Hi Roger,
On 08/12/2019 14:07, Roger Gammans wrote:
On Sun, 2019-12-08 at 12:09 +0000, Philip Oakley wrote:
Is there a command that does return the numeric agedness of a commit
(e.g. now - commit_date, in seconds)?
Hi
I don't know a specific command for the age. But `git cat-file commit
HEAD`, will give you the commit's timestamps in seconds from the the
epoch. (Plus some timezone info).
I can construct a bash script, shown below (warning: only had the most
rudimentary testing), which turns that into an age. For your use case
you might be better getting yesterdays unix-timestamp from date, if GNU
date is available, and directly comparing it to the commit timestamp.
------
#!/bin/bash
now=$(date +"%s")
commit=$(git cat-file commit HEAD | grep committer)
commit=${commit##*>}
commit=${commit%%+*}
echo $(( $now-$commit ))
#--------------
Thanks,
That has spurred me into looking at a few other ideas.

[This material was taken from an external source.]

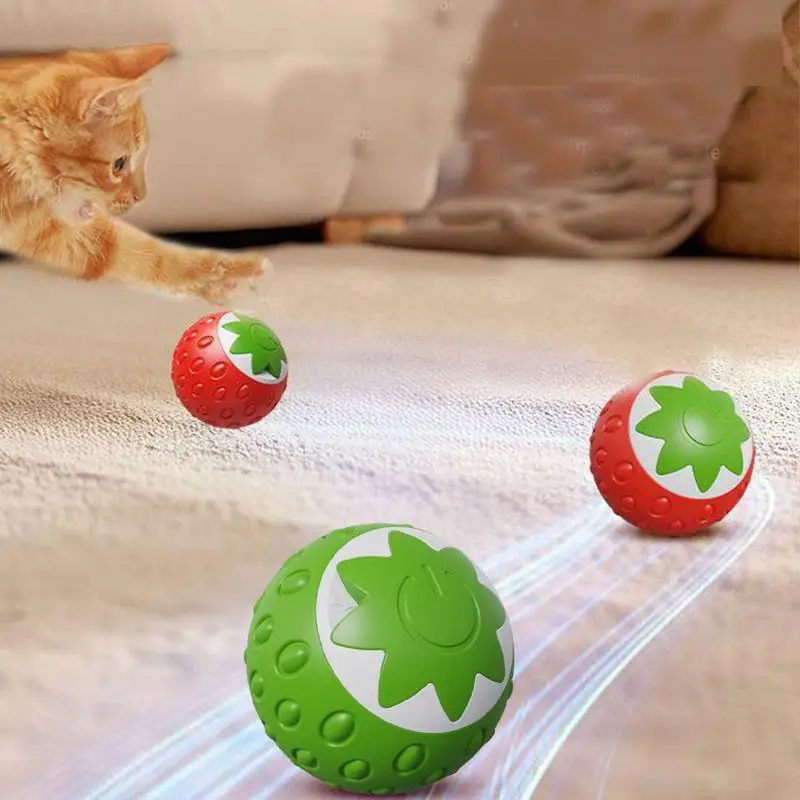 Smart Cat Ball Strawberry Cat Rolling Ball Toy Electric Interactive Cat Toys For Indoor Cats Intelligent Obstacle Avoidance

Unfortunately the script needs to run inside a DOS batch file as part of
a Visual Studio pre-build step, hence the desire for a direct command.
That said I have now found, with a bit of rooting around, that
`git log -1 --format=format:"%ct" HEAD`
does appear to give the right form of answer. Just need to see if I can
fit it into the DOS pre-build script now ;-)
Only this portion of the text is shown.